There may be a glut of medical dramas, historical dramas, and prestige dramas with brooding antiheroes, but none quite as beautifully shot and presented as Cinemax’s The Knick. Set in a fictionalized version of New York’s Knickerbocker Hospital in the 1900s, this gritty show follows the lives of the doctors, nurses, and administrators working at the titular hospital. Dr. John Thackery (played by the ruggedly handsome Clive Owen), known simply as “Thack”, is the brilliant chief surgeon with a hidden cocaine and opium addiction. New to the workplace is Dr. Algernon Edwards (Andre Holland), a well-educated black surgeon who must deal with the extreme racism of the patients and staff at the all-white hospital. His affluent childhood friend, Cornelia Robertson (Juliet Rylance) is head of social welfare and a member of the hospital’s board of directors whose work is hindered by her position as a woman. Other characters include the capable, young Nurse Lucy Elkins (played by Bono’s daughter Eve Hewson); uptight hospital manager Herman Barrow (Jeremy Bobb); Sister Harriet (Cara Seymour), a fiery Irish nun; and Dr. Bertie Chickering (Michael Angarano), Thack’s eager protégé.
As briefly mentioned at the start, the thing that makes The Knick really stand out is the artful film production. Beautiful cinematography and staging by director Steven Soderbergh, a crisp black and white colour palette occasionally punctuated by startling red blood, and a throbbing, anachronistic, electronic score by Cliff Martinez (whom you may recognize as a former member of the Red Hot Chili Peppers as well as by his collaborations with Nicolas Winding Refn) set the tone for this serious drama. Expect plenty of gory and disturbing scenes pertaining to medical procedures, especially in this particular era of Victorian operating theatres.

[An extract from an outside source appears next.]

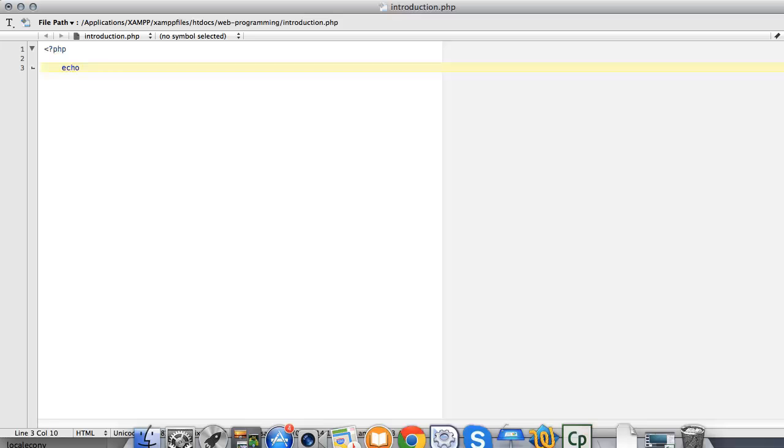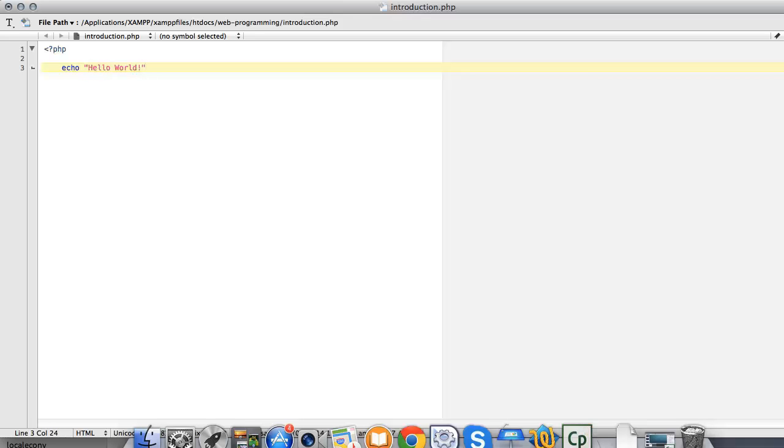The echo construct requires a string argument. Let's type in the words 'hello world'. Remember that our string requires to be encapsulated around double quotes.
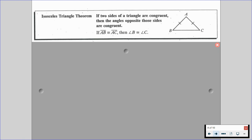The isosceles triangle theorem tells us that if two sides of a triangle are congruent, then the angles opposite those sides are also congruent. So if segment AB is congruent to segment AC, then angle B is congruent to angle C — those base angles are going to be congruent.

Apart from the phenomenal visuals, the show sometimes struggles with stilted dialogue, but the overarching narrative and themes, such as those of violence fuelled by racism, the thrill of medical innovation, and people dealing with substance addiction, are powerfully presented, aided, of course, by the history of real-life people and events that The Knick is based on. Owen, of course, consistently excels as Thack, even doing the near impossible for a British actor by making me forget that his American accent is fake. Plus, he manages to be swoon-worthy underneath an incredibly unattractive albeit period-appropriate moustache. I am very much looking forward to viewing the second season, which will be airing later this year.